Weiterfahrt nach Slatograd. Besichtigung des ethnographischen Komplex im Herzem der Stadt. Es ist ein Museum im Freien und besteht aus einem ethnographischem Museum, Handwerkstätten und Ausstellungen über Wasseranlagen. Jede Werkstatt ist in Betrieb und die erfahrenen Meister schaffen vor den Augen der Besucher Waren, die man kaufen kann. Eine weitere Attraktion des Komplexes sind die drei Wasseranlagen, die bis heute immer noch in Betrieb sind - Wollmühle, Walkmühle und Wassermühle.
Abendessen und Übernachtung in Zlatograd.

Tag 11 Arda Dorf

Fahrt zum Dorf Arda. Hier kann man der reiche Pflanzen- und Teirwelt der Südrhodopen geniessen, eine von insgesamt 15 Ökopfads, die in dem Gegend sich befinden, erwandern, den Ardin Gipfel (1730 m) besteigen, oder zu den Quellen der Arda Fluss gehen an die Grenze  mit Griechenland zu wandern -  die Möglichkeiten sind viel.
Abendessen und Übernachtung in einem Familienhotel in Arda.

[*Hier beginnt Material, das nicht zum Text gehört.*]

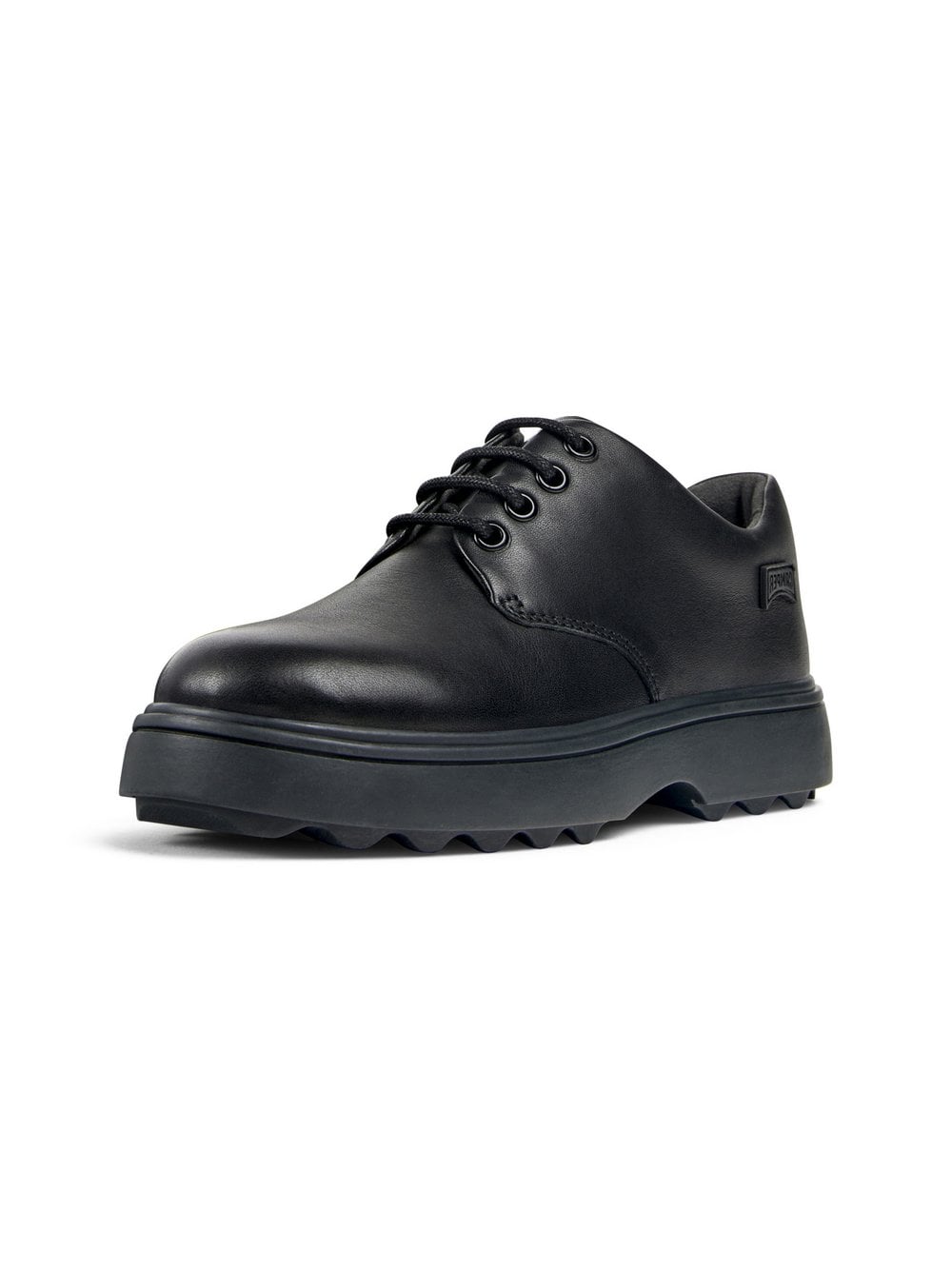 Camper Schnürschuhe Kinder schwarz, 27 Image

Tag 12 Aud dem "Pfad der Wasserfälle" und in Uhlovitsa Höhle

Wanderung auf dem "Pfad der Wasserfälle" im "Soskovtscheto" Reservat. Der Weg führt vorbei am Elenska Fluss entlang, wobei man den Fluss mehrmals überquert. Es gibt insgesamt 46 Wasserfäalle zu sehen, der höchste ist 68 M. hoch.
Gehzeit 4 Stunden, +/-600 Meter
Am Nachmittag Besuch von Uhlovitsa - eine der schönsten Höhlen in Bulgarien. Aufgrund ihrer prächtigen Formationen wird sie oft mit einem unterirdischen Palast verglichen.
Abendessen und Übernachtung in einem Familienhotel in Arda.

Tag 13 Das Batschkovo Kloster und Plovdiv

Fahrt zum Batschkovo Kloster aus 11 Jh. Das zweitgrösste Kloster Bulgariens liegt umgeben von felsigen Gipfeln des Rhodopen. Als wundertätig wurde von dem Gläubigen die Ikone Gottesmutter Eleussa aus dem 14 Jh. verehrt. Im alten Refektorium (Speiseraum) des Klosters wurden einmalige Wandmalereien von Philosophen und Schriftstellern der Antike freigelegt.
Weiterfahrt nach Plovdiv und Besichtigung der Altstadt. Wir sehen das Römische Theater aus dem 2. Jh., das Römische Stadion, die Kirche "Heilige Konstantin und Elena" und die Dzumaja Moschee - eine der ältesten Moscheen auf der Balkanhalbinsel.
Abendessen in der Altstadt und eine Übernachtung in 4 Sterner Hotel im Stadtzentrum.